No soy la única que reconoce la calidad y el buen sabor del tinto costeño: durante mi último viaje a la costa Caribe no fueron ni una ni dos ni tres las veces que estando con amigos del interior, “cachacos”, al momento de entrar a degustar el café que se nos servia, bien en una hacienda sabanera, bien en una casa de familia costeña, ora en un restaurante de manteles o en cualquier establecimiento público, los comentarios alrededor de su excelente sabor y aroma siempre fueron elogiosos.
Indagando un poco sobre el asunto, el cual no deja de ser paradójico, pues de todos es sabido la poca presencia de cafetales en la costa (exceptuando las prodigiosas tierras de la Sierra Nevada y de algunas laderas del Valle de Upar), se deduce que la influencia de la cultura sirio-libanesa, o mejor, la llamada “colonia turca”, tiene toda la responsabilidad en el asunto. Los turcos desde épocas inmemoriales crearon en su tierra de origen una auténtica cultura alrededor del café, no sólo en lo concerniente a su cultivo, sino también en su preparación, creando además una abundante parafernalia de accesorios y una importante ritualización al momento de su servicio y consumo. Concretándome en el asunto del tinto costeño, parece ser que aquello que definitivamente influye en el buen sabor de esta bebida es su proceso de torrefacción, es decir, la manera y el punto de tostar el grano. Se trata entonces de una bebida de excelente concentración y equilibrado sabor, sumamente diferente al tinto que estamos acostumbrados en la zona cafetera. Y el asunto no va en tecnología ni en cafeteras de alto turmequé, pues este tinto se degusta en todas partes; pero se crece en sabor y aroma cuando sale de una cocina campesina, preparado en fogón de leña, pasado por colador de trapo, servido con cucharón de totumo en precioso e impecable pocillo de porcelana china.

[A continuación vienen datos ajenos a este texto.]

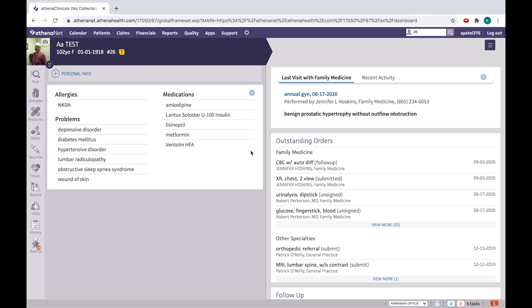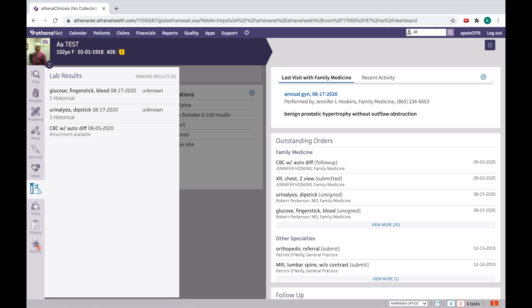Today we will discuss this result tab. This is the tab which every provider uses the most. In the result tab, you will be able to see all the lab results.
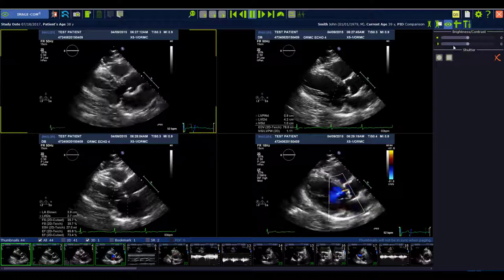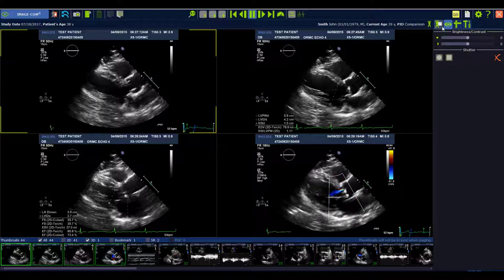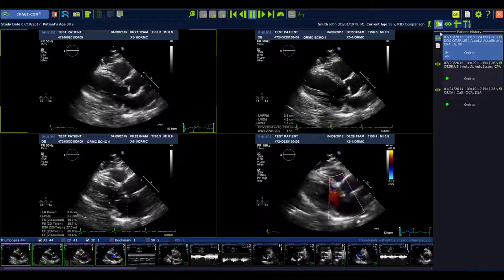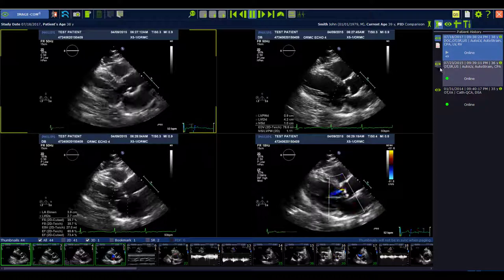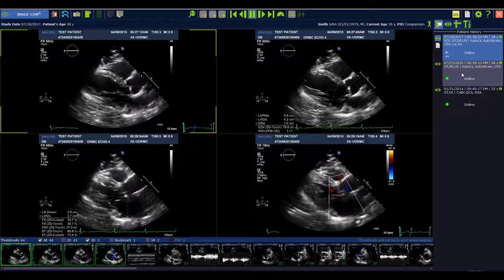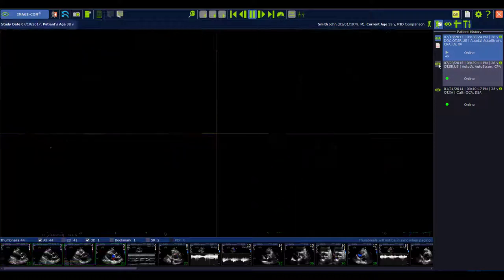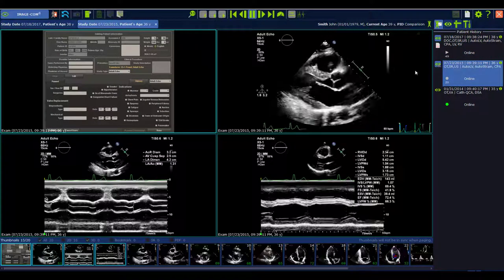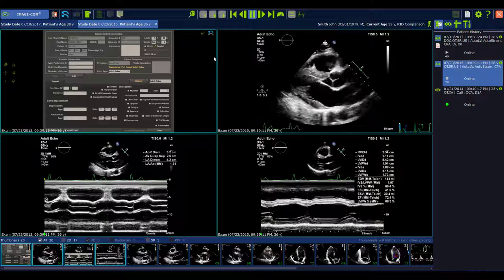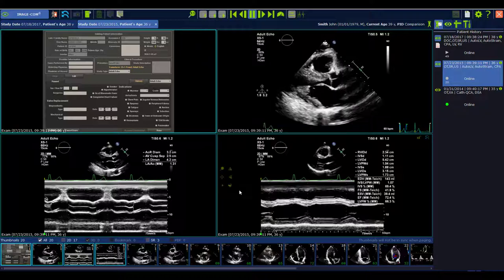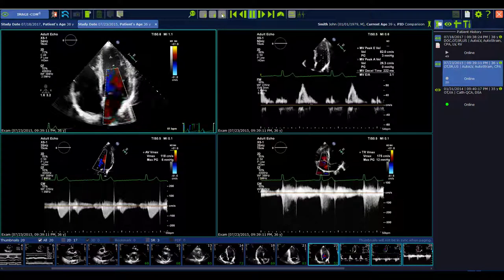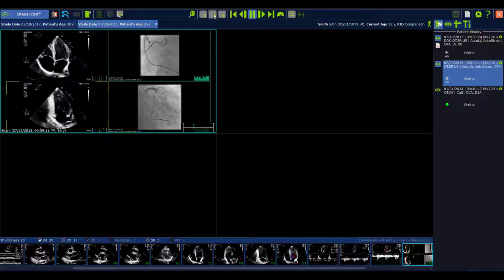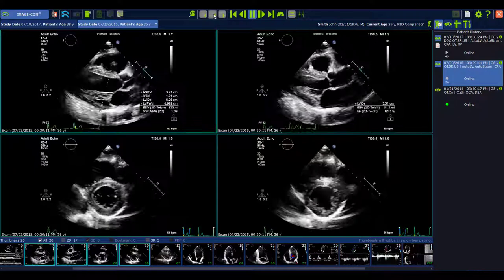In ImageCom, the secondary study review has changed. If you go to the patient history, you see the active study and the old study, and both have this green eye. If you click on the green eye, you can load the old study in the DICOM viewer area. The blue frame shows that you've loaded an old study, and you can scroll back and forth through the complete study and watch all the images without dragging and dropping them from the thumbnail bar.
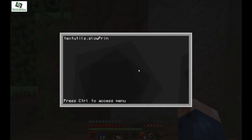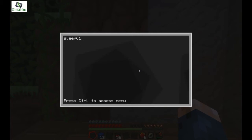Then we're going to write a tiny program — probably one of the smallest programs ever. Basically it's just os.shutdown, sleep one. Which is basically just: wait one and then os.shutdown.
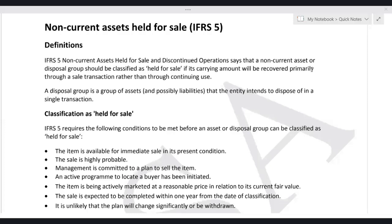Assalamu alaikum, good day to everyone. I welcome all of you and other students watching this lecture on YouTube. This is my recent batch for SBR June 2024. Before discussing what exactly we offer in SBR, let us start with IFRS 5, and then I will let you know what you will be getting in SBR from my college.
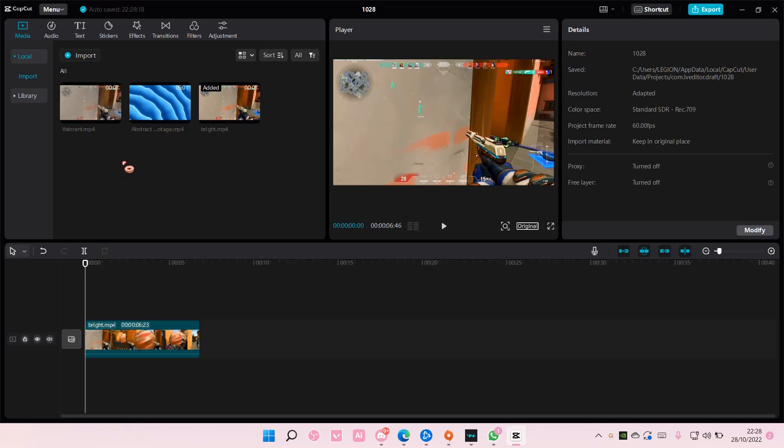Hey guys and welcome back to this channel. In this video I'll be showing you guys how to favorite effects, filters, video transitions, stickers, and also audio. But I'm just going to go...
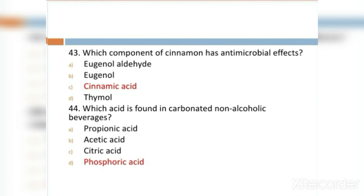MCQ 43: Which component of cinnamon has antimicrobial effect? Option A: eugenol aldehyde. Option B: eugenol. Option C: cinnamic acid. Option D: thymol. Option C, cinnamic acid, is the right answer.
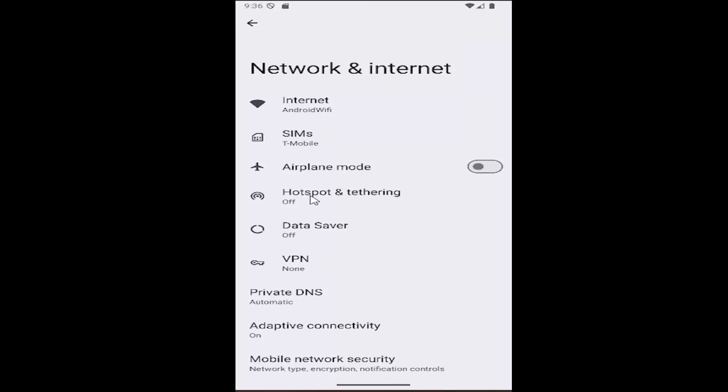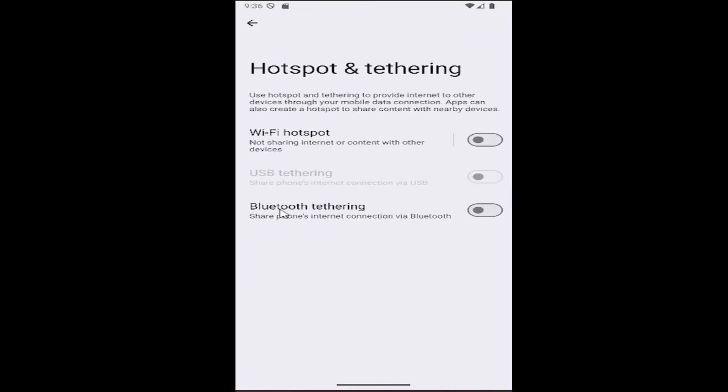Select Hotspot and Tethering. If you want to enable Bluetooth tethering, just toggle the bottom option here to make sure it's turned on. Share Phone's Internet Connection via Bluetooth. Now it's turned on.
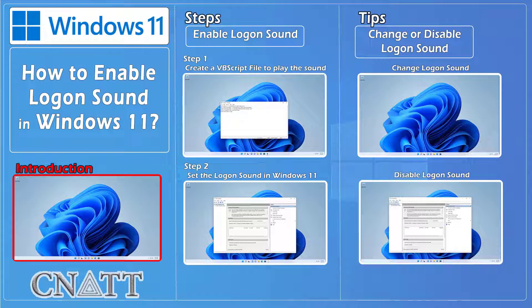Hello everybody and welcome to the CNATT channel. In this video, we will show you how to enable logon sound in Windows 11.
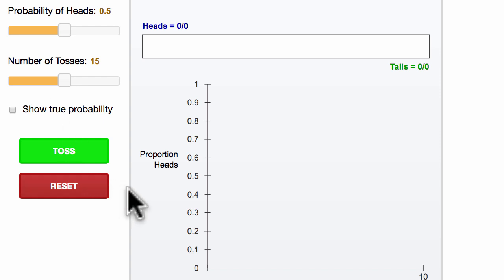What we're going to do in this video is explore how experimental probability should get closer and closer to theoretical probability as we conduct more and more experiments, or as we conduct more and more trials. This is often referred to as the law of large numbers.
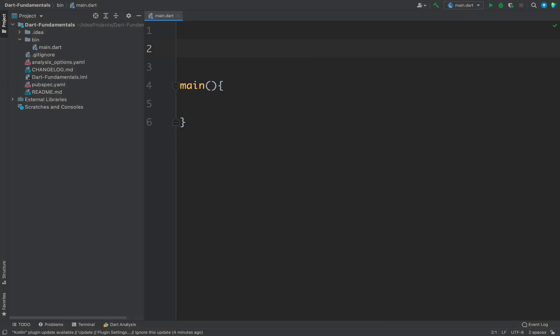In this video we will learn about the late modifier in Dart. For example, let's define a global variable.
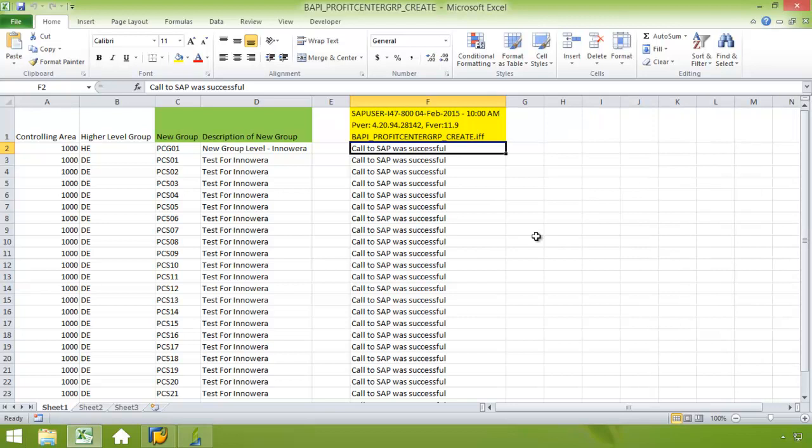And now you can see that the call to SAP was successful. I have loaded the new group as well as the description of the new group into SAP utilizing ProcessRunner's BAPI technology.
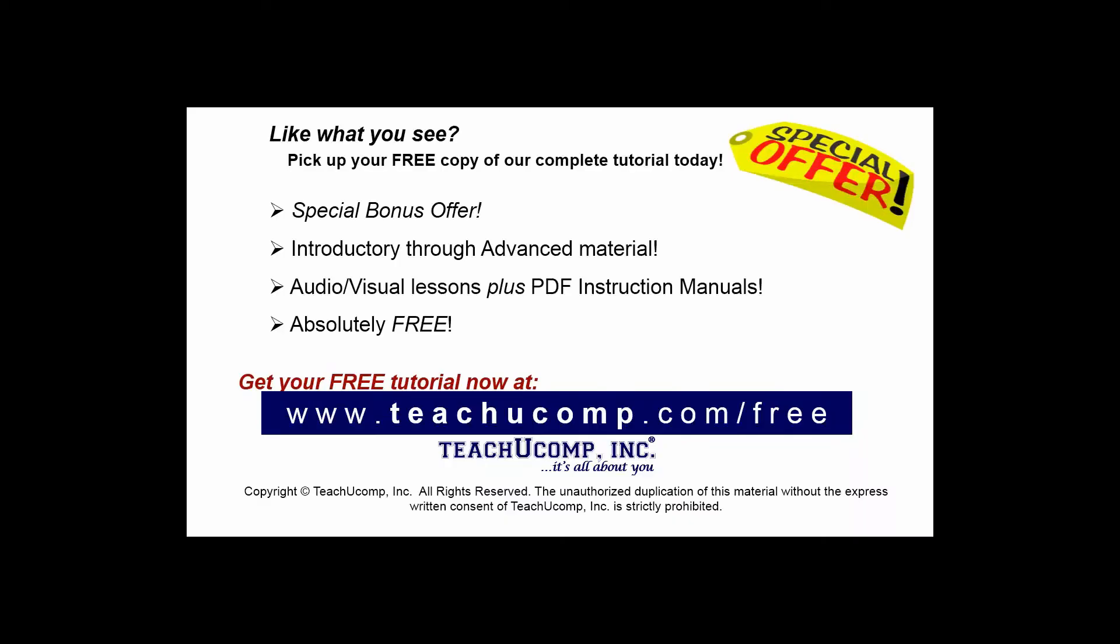Like what you see? Pick up your free copy of the complete tutorial at www.teachyoucomp.com/free.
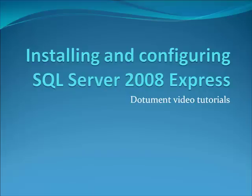Welcome to Dotument Video Tutorials. The topic of this episode is installing Microsoft SQL Server 2008 Express Edition and configuring it for work with manual software Dotument.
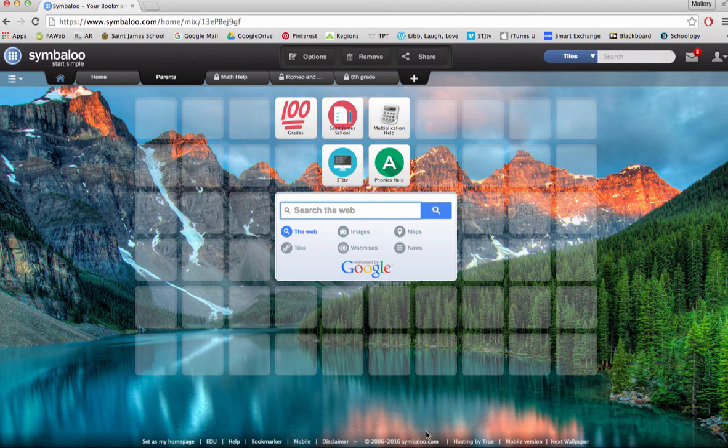Creating a Symbaloo for parents would be a simple solution to this problem. The parents would know there is one place they can rely on to find the website they are looking for.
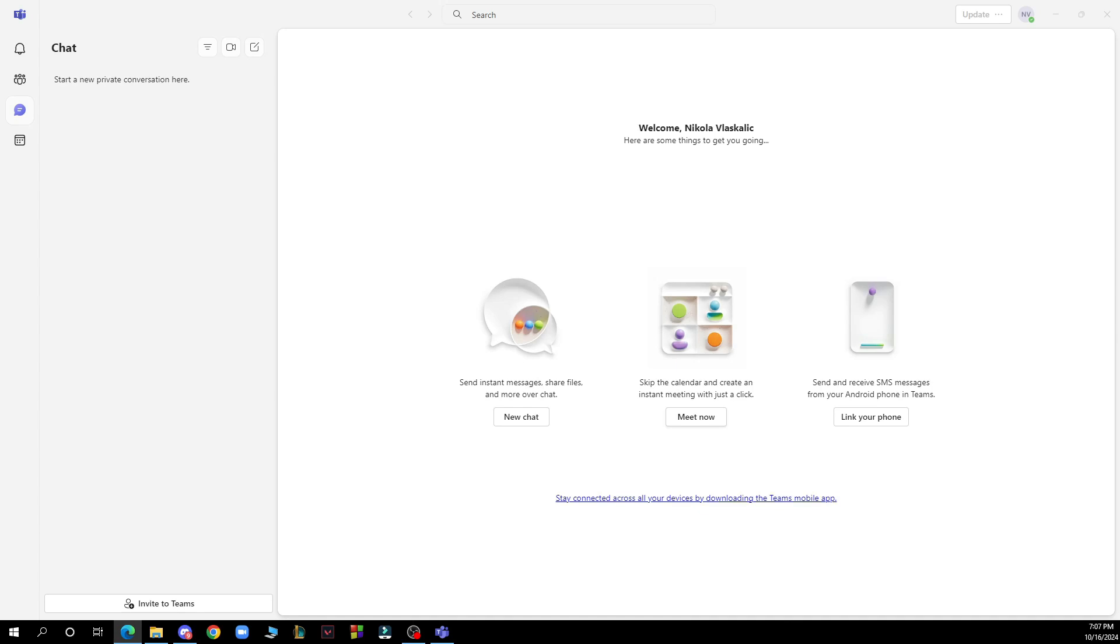So the first thing that you need to do is go to Google and download the Microsoft Teams application. After that you just need to log into your profile or register to Microsoft Teams if you haven't already done that.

Debo reconocer que en Colombia últimamente han aparecido numerosas marcas de excelente calidad. Es un hecho que la oferta se ha multiplicado y que los cultivadores antioqueños, quindianos, risaraldenses y caldenses se han puesto las pilas de tal manera que hoy los amantes del tinto podemos gozar catando una y otra marca de supuesta calidad gourmet y con certificación de origen (detallada ubicación geográfica de la hacienda), muy diferentes a las tradicionales, que desde hace más de medio siglo se degustan en el reputado Eje Cafetero. A mi modo de ver, los cafés costeños superan las reconocidas propuestas del interior por su magnífico y acertado proceso y efecto del “tostado”. Ojalá algún día entren a nuestros mercados locales marcas como Café Córdoba, Café León o Café Almendra Tropical, para que el lector de esta columna, amante del buen tinto, compruebe que no me estoy inventando los elogios.